If you Google Michael Persinger and his "God helmet" and temporal lobe epilepsy, you'll find some research data and a lot of witty comments by smartass bloggers, but I think maybe these researchers are thinking in terms of B&W instead of shades of grey. I mean, it wasn't until recently that people who study autism realized that not everyone who has it is locked away in their own world. The same sliding-scale reasoning might apply to temporal lobe activity research.

 

I think that while Persinger might be having a lot of fun trying to induce divine experiences in people by getting them to try on his helmet, maybe he and other researchers ought to be concentrating on something in the brain which causes us to believe in magic on a scale from zero to whatever.

 

Close to the zero end of the scale is where I am: too much scientific thinking going on. While I don't deny the existence of God or of supernatural phenomena, I have a hard time believing they're real unless there's a nuts-and-bolts explanation, like there is with electricity. I find the idea that beings of spirit can break the laws of physics to be quite fascinating... enough to write stories about it. Ironically, I believe in ghosts, though I've never seen or heard one---even when I've been with someone else when they did. I think psychic abilities exist, but damned if I know how to make them work.

 

Moving up the scale, we have my buddy, who doesn't necessarily accept established ideas of God or of magic, but he's sure that beings of spirit exist and there are ways to make magic do actual work. This may explain why I studied witchcraft for 30 years and still don't totally believe in it, but my buddy took to it like a fish to water despite being much less well-versed in it than I. Even before converting to witchcraft, he gathered his own empirical evidence that voodoo dolls really work and are nothing to play around with.

 

Toward the higher end of the scale are my aunt and her mother, who are absolutely convinced there is a God, and are terrified of magic because they're pretty sure it works.
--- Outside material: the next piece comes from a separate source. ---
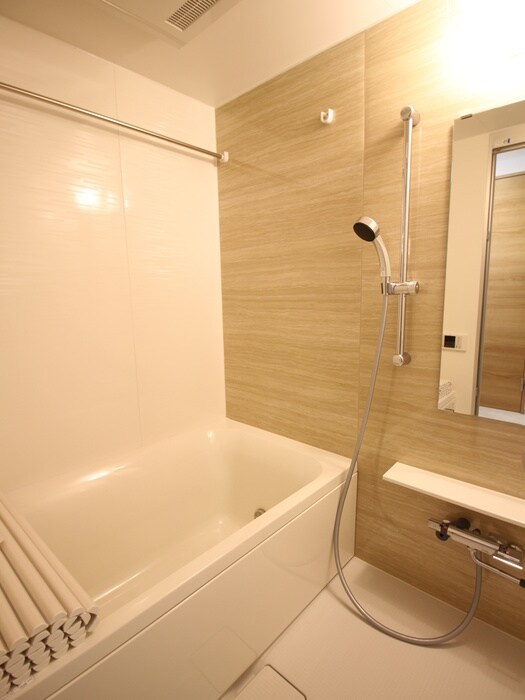 バス／シャワールーム等 ルクレ板橋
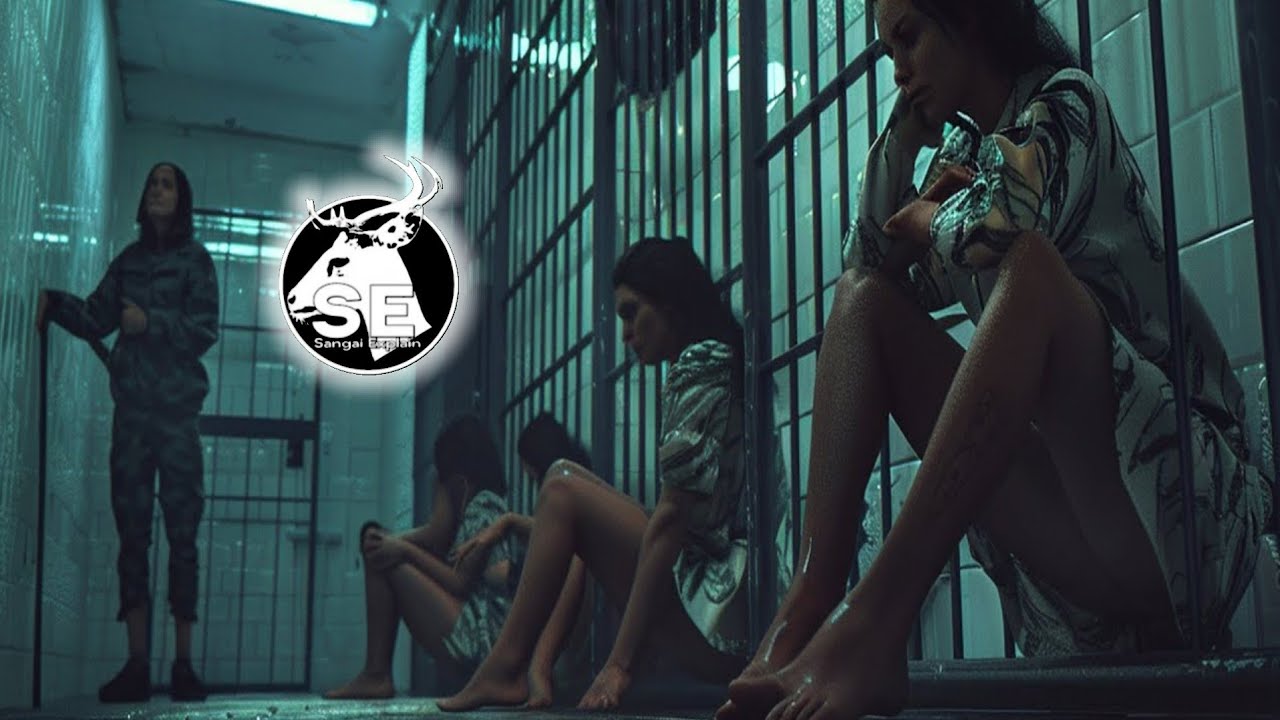 Кари марамги Заключенный пой асибу асук тамтина отлиба | Объяснение фильма в Манипуре || Боевик, ...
My aunt is perplexed as to why I continue to write occult fiction while dodging divine punishment. Needless to say, she'd be paralyzed with fear by something like a voodoo doll. It's not all just about God and ghosts either... some of these people also believe certain chemical nostrums have miraculous healing powers (this is why they buy so many quack meds and keep quacks in business), yet as someone who studied chemistry since I was 12, I know there are very few chemists who are trying to synthesize the Philosopher's Stone.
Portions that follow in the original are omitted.